Encerrado en su pequeña y oscura habitación, el joven William Patrick Corgan tenía la certeza de que el futuro le depararía el reconocimiento y la fama que su talento y esfuerzo merecían. No acabaría como su padre, un músico que vencido por dogmatismos, fundamentos y rudimentos sonoros abrazaba la conformidad más que a su propio hijo. Las cuatro paredes que lo rodeaban podían corroborar que no se trataba de un simple caso de autocomplacencia. Ellas habían sido mudos testigos de sus interminables sesiones con la guitarra en las manos, de su incasable experimentación como compositor, de su creciente virtuosismo como intérprete.

No era simplemente un melómano más que trabajaba en una tienda de discos de segunda mano e iba siempre acompañado por su walkman y sus cintas en sus solitarios paseos por las sucias calles de Chicago. Él había sido elegido para dejar huella e impronta en la historia de la música. Si bien su pasada experiencia como miembro de The Marked, banda de rock gótico y new wave, había sido frustrante y su gira de apenas 20 conciertos por los garitos de San Petersburgo un pequeño fracaso, Corgan había sacado en claro que en su próximo proyecto él sería el único responsable tanto del apartado artístico como de la toma de decisiones. ¿Acaso no era una señal que últimamente se le apareciese en sueños el mismísmo Gene Simmons, bajista y líder de Kiss, para decirle que debía montar una banda de calabazas aplastantes y borrachas?

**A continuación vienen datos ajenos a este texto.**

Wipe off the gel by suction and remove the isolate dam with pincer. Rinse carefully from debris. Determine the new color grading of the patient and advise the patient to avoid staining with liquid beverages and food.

Incluso acababa de conocer a un prometedor guitarrista llamado James Iha, con el que se podía mantener una conversación de más de dos frases sobre música y que semejaba cumplir todas las exigencias que Corgan consideraba imprescindibles para formar parte de su nuevo proyecto: parecía manejable y le apasionaban The Cure y New Order. Junto a él, y a una caja de ritmos, comenzó a escribir canciones para una banda que daría su primer concierto el 9 de julio de 1988 en un local llamado Chicago 21: The Smashing Pumpkins.

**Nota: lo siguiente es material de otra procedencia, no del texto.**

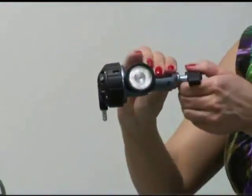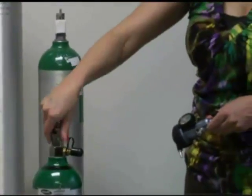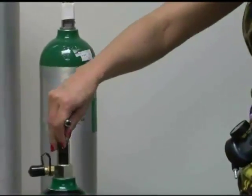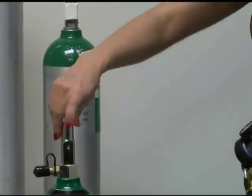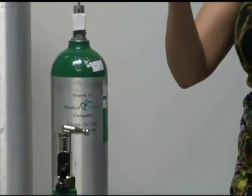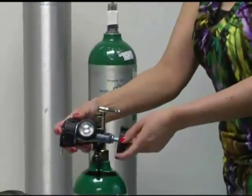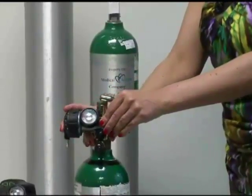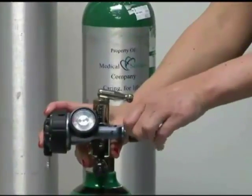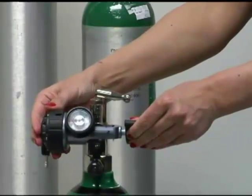Once you've got your gauge and it's all ready to use, you're going to take your tank. On your tank you should have three holes on one side and one hole on another side. You just want to line this up so that you can take your gauge, slide it right over the top, line up your three holes with your three prongs, and then just twist the handle and keep turning it until it's tight.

En una de sus sucesivas actuaciones, que comenzaron a tener buena aceptación y críticas, alguien desde el público se atrevió a increpar su sonido tachándolo de vacío y con falta de dinamismo. Se trataba de una joven de 18 años, gran seguidora de los Stooges, con la que Corgan se encaró y mantuvo una acalorada discusión al finalizar el concierto. Su nombre era D’arcy Wretzky, tenía buena presencia, pasables gustos musicales y argumentaba que sería capaz de acompañar y darle fuerza y profundidad a las guitarras. ¿Qué más se le puede pedir a un bajista?, pensó Corgan. Por estos motivos finalmente le propuso que se uniera a su proyecto, siempre teniendo presente que la composición nunca estaría a su alcance.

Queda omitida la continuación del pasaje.